IS THE POSTHUMAN STILL A HUMAN CREATION OR IS IT RATHER AN UNFORTUNATE CONSEQUENCE OF OUR HASTY PROGRESS?  

  • 1. THE QUESTION IS “DID GRAPHIC DESIGN UNDERGO A MCDONALIZATION?”


  • 2. THE WAY WE WERE DESIGNED SHOULD BE THE WAY WE DESIGN





  • “The romantic contrast between modern industry that “destroys nature” and our ancestors who “lived in harmony with nature” is groundless. Long before the Industrial Revolution, Homo sapiens held the record among all organisms for driving the most plant and animal species to their extinctions. We have the dubious distinction of being the deadliest species in the annals of life.”

    Yuval Noah Harari


  • I am meant to be a free living individual.

    I am born into an uprising world of technology gadgets.

    I am part of the capitalistic culture.
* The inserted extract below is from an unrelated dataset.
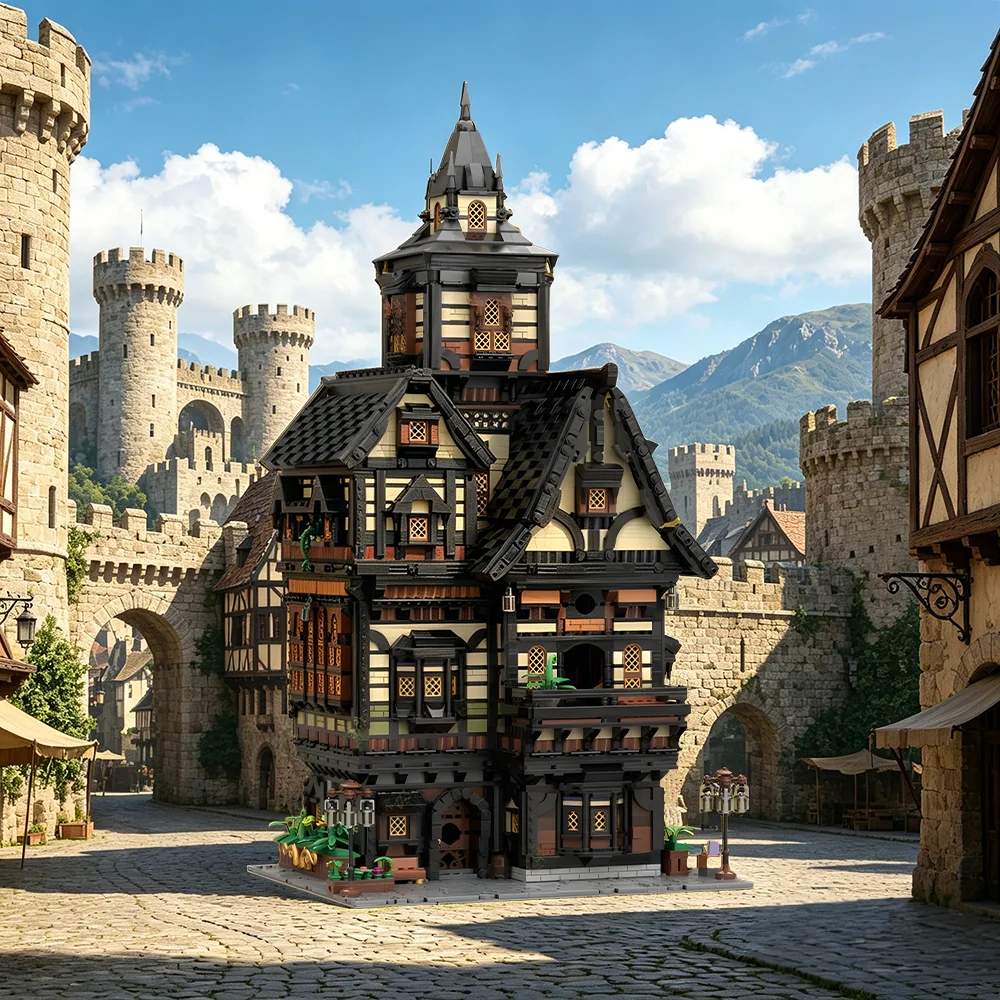 MOC The Sage's Towerhouse Building Blocks Kit Medieval Library Architecture Home Decor Bricks Toys Adult Gift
    I am living in the time World Wide Web changed our mindsets.

    I am a real person, but also a virtual avatar.

    I have a rich social life.

    I visit my friends whenever I want (the virtual not the real).

    I am freely allowed to cross boarders of my intimacy.

    I have never suffered from physical hunger.

    I have suffered from emotional hunger.

    I am daily connected to the online network.

    I am sparely ‘connected to myself ‘(Wikipedia fails to tell me what it means).

    I solve my conflicts with cute stickers and emojis.

    I base my knowledge mostly on online research.

    I get easily distracted.

    I am able to buy anything I want this exact moment.

    I most certainly possess more things than I need.

    I am working throughout the whole day and sometimes the night.

    I am still behind my schedule.

    I am truly productive only 6h of my day on average .

    I work hard.

    I work hard on my ego.

    I am often exhausted.

    I am daily competing to reach my goals.

    I am not sure if the goals are my goals or what the society tells me.

    I suffer from procrastination.

    I suffer from low self-confidence.

    I feel overwhelmed with the speed of this life.

    I am supposed to show my daily activity online.

    I base my self-esteem on the amount of likes under my posts.

    I use my smartphone everytime I use the toilet.

    I keep my computer turned on when I sleep.

    I have a physical emotional reaction to my social media nortifications.

    We have to understand that technology has the ability to dehumanise our society. This is not about the many times discussed dystopian idea which gave rise to a series of filmography works about the artificial intelligence taking over and replacing man in the future. This is about series of factors that prove that technology rationalizes our processes, environments and simply our natural way of thinking21. What can be observed is that the term “rational” doesn’t at all sound negative to us, because we connected it with efficiency and that is what drives our modern world. Computers lead to faster actions and as time costs money, we try to achieve a lot in short period of time.
    The past decades with more and more frequent use of technology - screens replacing books, computer keyboards replacing hand writing, machine operating reducing amount of mutual human interacting at work - our minds actually enhanced in thinking analytically solving more technological problems, but as psychologist Guy Claxton says, we have lost touch with the so called “Slow Mind” - the one efficient for addressing ecologies and systems, things that are at the moment the most alarming for us to solve.22 We are becoming gradually ‘separated’ from our real inner source of thought, personal experience, and creativity. In graphic design for instance, we took comfort in using pre-defining software and we limited the use of different craft techniques.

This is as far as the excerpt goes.